Once you have located the line containing "Studio te koop" in the material below, return it exactly along with each line after it through the line containing "37 Century Ln, Milton, MA 02186".

# [MATERIAL FOR THIS TASK]
::::::::

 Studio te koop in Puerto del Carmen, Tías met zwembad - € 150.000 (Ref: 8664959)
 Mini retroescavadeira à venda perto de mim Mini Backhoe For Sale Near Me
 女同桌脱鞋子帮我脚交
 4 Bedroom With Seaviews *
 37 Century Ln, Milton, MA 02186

::::::::

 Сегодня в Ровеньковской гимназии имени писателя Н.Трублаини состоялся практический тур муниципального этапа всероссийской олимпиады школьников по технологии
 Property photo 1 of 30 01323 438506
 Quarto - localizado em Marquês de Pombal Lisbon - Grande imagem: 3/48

::::::::

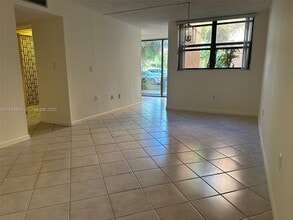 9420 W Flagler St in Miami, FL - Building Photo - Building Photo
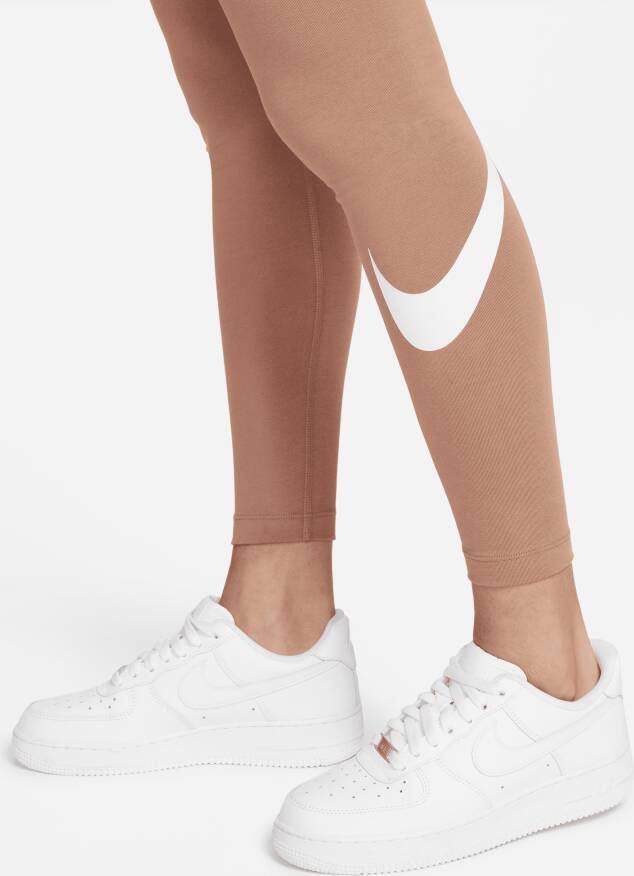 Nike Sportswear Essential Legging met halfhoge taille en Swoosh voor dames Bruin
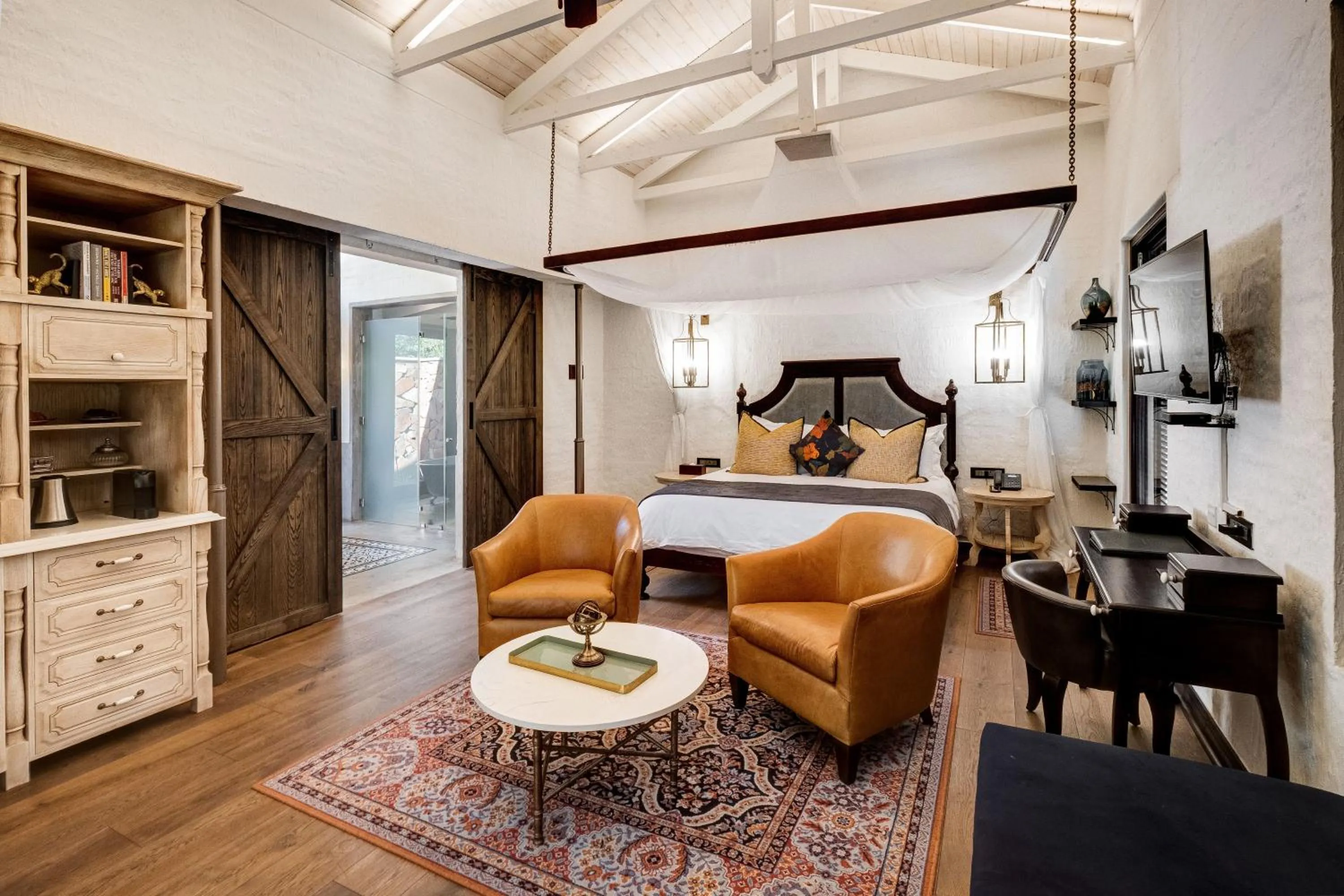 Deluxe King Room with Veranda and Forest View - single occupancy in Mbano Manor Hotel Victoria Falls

::::::::

# [ANSWER BOX]
 Studio te koop in Puerto del Carmen, Tías met zwembad - € 150.000 (Ref: 8664959)
 Mini retroescavadeira à venda perto de mim Mini Backhoe For Sale Near Me
 女同桌脱鞋子帮我脚交
 4 Bedroom With Seaviews *
 37 Century Ln, Milton, MA 02186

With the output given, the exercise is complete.